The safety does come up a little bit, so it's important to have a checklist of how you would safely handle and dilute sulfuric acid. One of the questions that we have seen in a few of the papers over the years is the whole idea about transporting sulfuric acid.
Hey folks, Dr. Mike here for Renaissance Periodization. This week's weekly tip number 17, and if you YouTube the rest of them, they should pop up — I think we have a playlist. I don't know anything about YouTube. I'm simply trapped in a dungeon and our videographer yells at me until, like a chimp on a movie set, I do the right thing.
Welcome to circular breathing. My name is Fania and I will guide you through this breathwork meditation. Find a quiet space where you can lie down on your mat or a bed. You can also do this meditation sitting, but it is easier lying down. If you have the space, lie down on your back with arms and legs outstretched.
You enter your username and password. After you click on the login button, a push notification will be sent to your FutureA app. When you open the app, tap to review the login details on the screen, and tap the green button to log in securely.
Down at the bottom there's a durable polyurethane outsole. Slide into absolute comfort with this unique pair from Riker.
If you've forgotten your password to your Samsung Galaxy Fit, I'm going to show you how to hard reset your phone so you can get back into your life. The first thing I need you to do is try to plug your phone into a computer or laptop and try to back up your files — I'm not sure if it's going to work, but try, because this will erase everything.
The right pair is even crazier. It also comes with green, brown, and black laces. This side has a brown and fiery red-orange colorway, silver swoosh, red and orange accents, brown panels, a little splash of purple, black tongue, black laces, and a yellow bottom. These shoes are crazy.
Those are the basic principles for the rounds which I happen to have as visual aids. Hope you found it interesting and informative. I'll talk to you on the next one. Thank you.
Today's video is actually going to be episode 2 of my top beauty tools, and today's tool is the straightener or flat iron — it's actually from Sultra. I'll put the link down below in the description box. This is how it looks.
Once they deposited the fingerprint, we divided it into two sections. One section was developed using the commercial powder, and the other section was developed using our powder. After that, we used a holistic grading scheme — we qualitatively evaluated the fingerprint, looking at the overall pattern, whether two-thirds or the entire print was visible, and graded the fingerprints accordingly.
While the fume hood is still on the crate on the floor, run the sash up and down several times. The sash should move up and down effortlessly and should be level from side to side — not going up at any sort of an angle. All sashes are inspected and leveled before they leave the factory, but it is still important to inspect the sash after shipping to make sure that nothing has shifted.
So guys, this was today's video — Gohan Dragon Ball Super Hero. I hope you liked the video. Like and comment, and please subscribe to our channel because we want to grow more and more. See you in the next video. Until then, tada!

EXERCISE DETAILS:
Write out a verbatim copy of the data, beginning with its first line and ending with the line that contains "If you've forgotten".

OUTPUT OF THE EXERCISE:
The safety does come up a little bit, so it's important to have a checklist of how you would safely handle and dilute sulfuric acid. One of the questions that we have seen in a few of the papers over the years is the whole idea about transporting sulfuric acid.
Hey folks, Dr. Mike here for Renaissance Periodization. This week's weekly tip number 17, and if you YouTube the rest of them, they should pop up — I think we have a playlist. I don't know anything about YouTube. I'm simply trapped in a dungeon and our videographer yells at me until, like a chimp on a movie set, I do the right thing.
Welcome to circular breathing. My name is Fania and I will guide you through this breathwork meditation. Find a quiet space where you can lie down on your mat or a bed. You can also do this meditation sitting, but it is easier lying down. If you have the space, lie down on your back with arms and legs outstretched.
You enter your username and password. After you click on the login button, a push notification will be sent to your FutureA app. When you open the app, tap to review the login details on the screen, and tap the green button to log in securely.
Down at the bottom there's a durable polyurethane outsole. Slide into absolute comfort with this unique pair from Riker.
If you've forgotten your password to your Samsung Galaxy Fit, I'm going to show you how to hard reset your phone so you can get back into your life. The first thing I need you to do is try to plug your phone into a computer or laptop and try to back up your files — I'm not sure if it's going to work, but try, because this will erase everything.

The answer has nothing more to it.